As companies continue to adopt and increase their use of digital technology and internet-based services, there has been a rise in cybercrime, resulting in increased company losses from damages and delays. IBM reported in 2022 that the average cost of a data breach in the U.S. had reached a record high of $4.35 million, taking an average of 277 disruptive days to identify and contain each breach.

These attacks aren’t just unlucky breaks for a handful of big companies. Survey data from Check Point Research shows a 50% increase in cyberattack attempts on corporate networks globally in 2021 over the previous year. Since the rate and consequences of cyberattacks only seem to be increasing, organizations will likely look to fill increasingly crucial cybersecurity roles, giving individuals interested in cybersecurity excellent opportunities to enter a thriving career field.

This increase in cyber breaches has already produced a growing and widening demand for knowledgeable professionals. Prospective cybersecurity experts have a variety of career choices in the industry, allowing them to tailor their career path to their skills and interests. Those looking to learn how to start a career in cybersecurity should consider the benefits of a cybersecurity degree in preparing them for the professional role of their choice.

Why Choose a Cybersecurity Career?

As more organizations rely on sophisticated databases and web-based platforms to conduct their operations, the need for cybersecurity professionals to protect their systems and data becomes more critical. This need is even more paramount when considering the increasing frequency and severity of cyberattacks.

Moreover, a career in cybersecurity can offer excellent potential for career growth and development. With the rise in demand for cybersecurity professionals, there are likely to be greater opportunities for career advancement. The skills and knowledge gained through cybersecurity training and work can also transfer across various industries, allowing for flexibility and diversity in career paths.

Additionally, a career in cybersecurity can be gratifying for individuals who enjoy investigating and solving problems, as well as those who take pride in protecting individuals and organizations from cyberthreats. The enormous cost of cyberattacks means cybersecurity professionals have an increasingly important and valuable role to play in today’s economy and social fabric.

How to Prepare for a Career in Cybersecurity

Individuals looking to learn how to start a career in cybersecurity should understand the requirements most companies have for those positions. Here are a few steps to help prospective cybersecurity professionals begin their career journey.

Earn a Degree

Many companies looking to take on cybersecurity experts require candidates to have earned a relevant degree that demonstrates they’ve developed the necessary knowledge to succeed. Most cybersecurity employers look for applicants who possess at least a bachelor’s degree, ideally in cybersecurity, though degrees in computer science are often acceptable.
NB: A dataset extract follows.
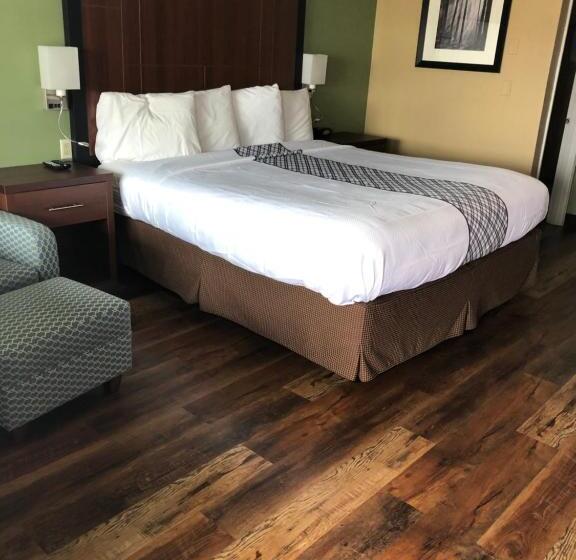 Стандартный Номер Кровать Кинг, Knights Inn Motel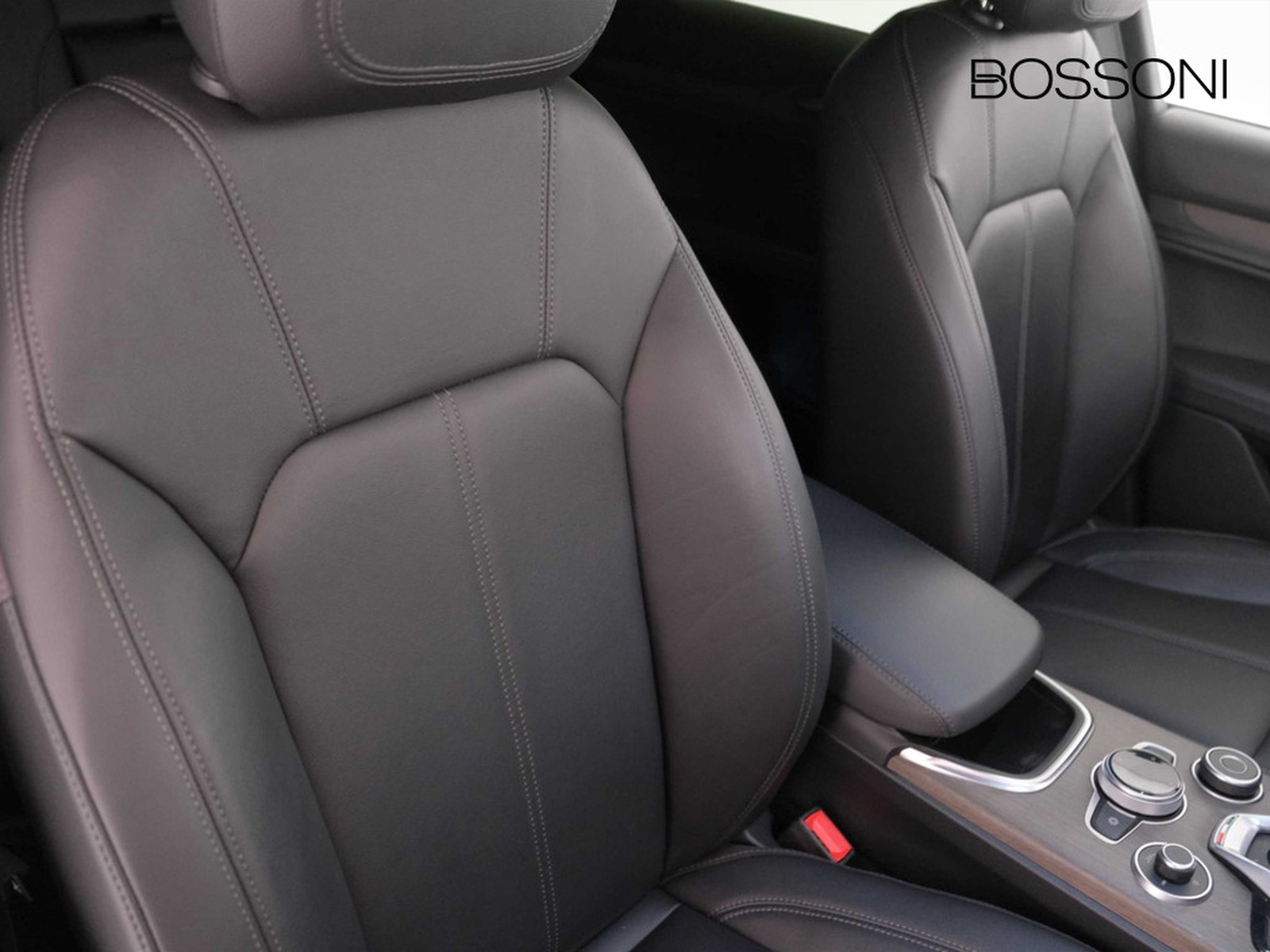 21 - Alfa Romeo Stelvio 2.2 turbo 210cv veloce ti q4 at8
Depending on the career path, or if leadership is a desired role, some careers may require a master’s degree as well.

Prospective students should look for programs that offer courses in network security, computer science, digital forensics and cyber ethics, which can provide a well-rounded education on various cybersecurity subjects.

Acquire Cyber Security Skills

Potential cybersecurity professionals should build relevant skills to augment the cybersecurity knowledge they’ve gained as part of their academic education. Technical knowledge and proficiency in specific tools and technologies used in cybersecurity, such as programming languages like Python and network security concepts like firewalls, can be beneficial, and can help target a specific career path of choice.

Pursuing cybersecurity certifications, such as the Certified Information Systems Security Professional (CISSP) or the Certified Information Security Manager (CISM), can also be beneficial. Certifications demonstrate expertise in various cybersecurity standards and indicate to employers proven knowledge of launching cybersecurity programs.

In addition to technical skills, interpersonal skills such as communication, teamwork and problem solving are critical for cybersecurity professionals. Mastering the ability to communicate and work effectively with a team of professionals, either as a peer or leader, can be essential for managing security incidents and collaborating with other departments within an organization. Problem-solving skills are also essential for identifying and addressing security threats and vulnerabilities.

Gain Practical Experience

By acquiring practical experience, individuals can demonstrate to potential employers that they know how to apply their skills at any given moment and are comfortable performing the position’s tasks. One way to gain practical experience is through internships, which can provide opportunities to work with seasoned cybersecurity professionals and learn about the day-to-day tasks of the job. Volunteering for cybersecurity-related projects or participating in cybersecurity competitions can also provide valuable experience.

Cybersecurity Career Paths

Cybersecurity involves multiple specialties that professionals can choose from to align with their skills and interests. Here are a few professional options for individuals who wish to learn how to start a career in cybersecurity.

Information Security Analyst

Information security analysts protect companies from cyberthreats. They analyze potential security risks and implement measures to prevent attacks. Information security analysts develop and apply security policies and procedures, conduct regular security audits and monitor networks for suspicious activity. They also collaborate with other IT professionals to ensure that new security measures integrate properly into an organization’s technology infrastructure.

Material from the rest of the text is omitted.